**What is required:** The copy you return must begin at the line containing "Myfamily-Bull-terrier-IDtag...........png Myfamily Bull" and end at the final line of the listing below, with every picture left out.

Segment Start: Collected data

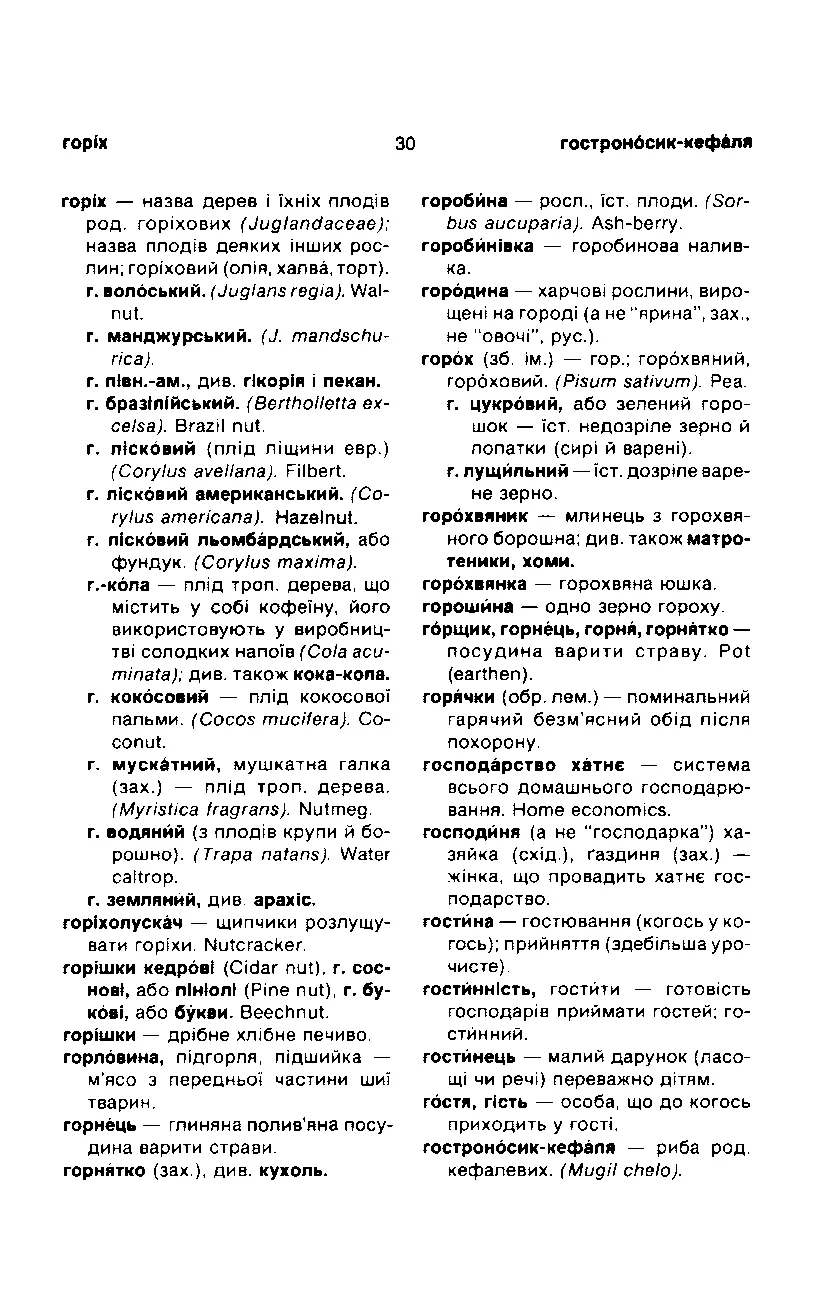 Сторінка 31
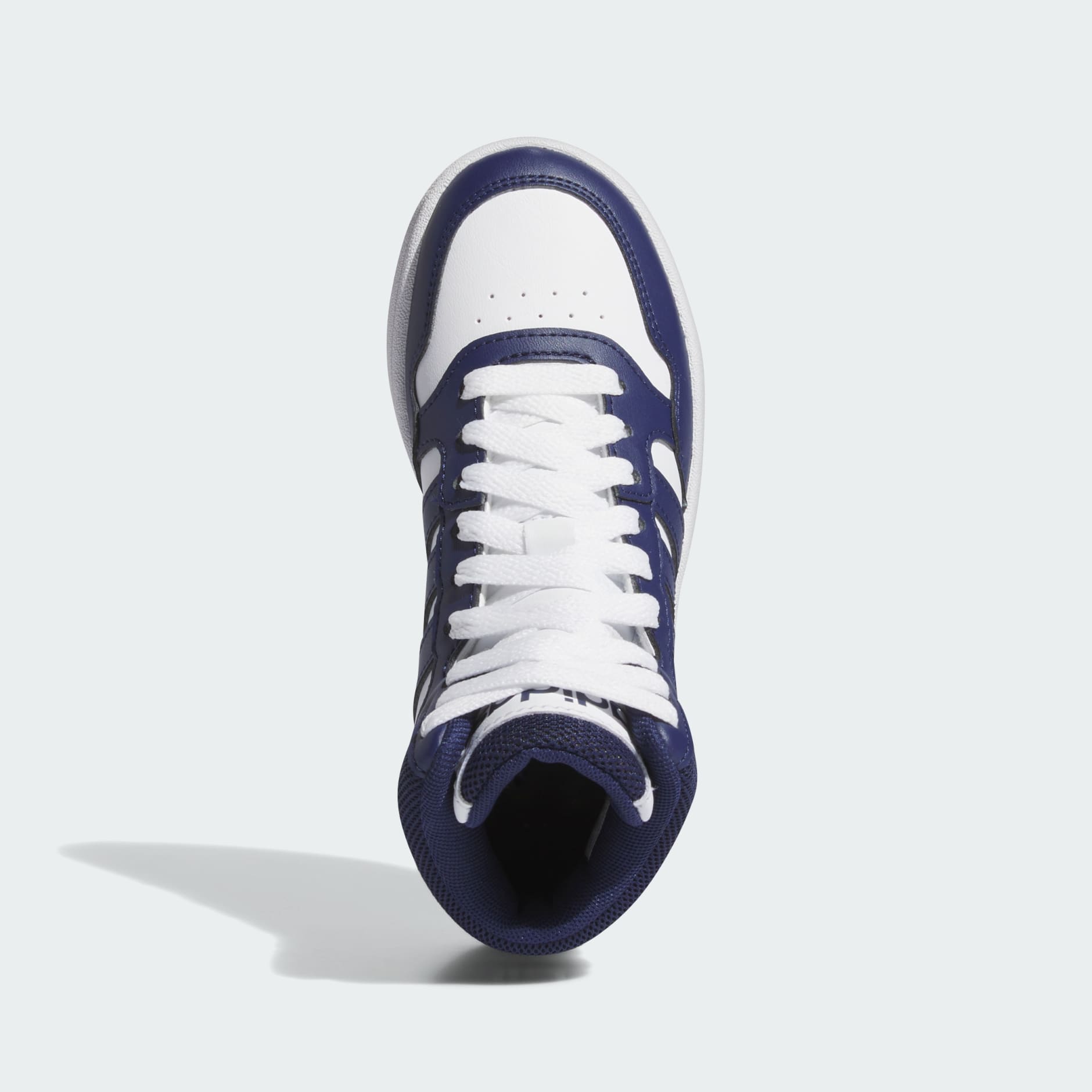 Pantofi Mid Hoops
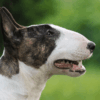 Myfamily-Bull-terrier-IDtag...........png Myfamily Bull terrier IDtag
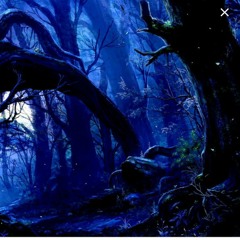 Tangela-Follow Your Head )Original Mix(136.mp3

Segment End: Collected data

**Your solution:**
 Myfamily-Bull-terrier-IDtag...........png Myfamily Bull terrier IDtag
 Tangela-Follow Your Head )Original Mix(136.mp3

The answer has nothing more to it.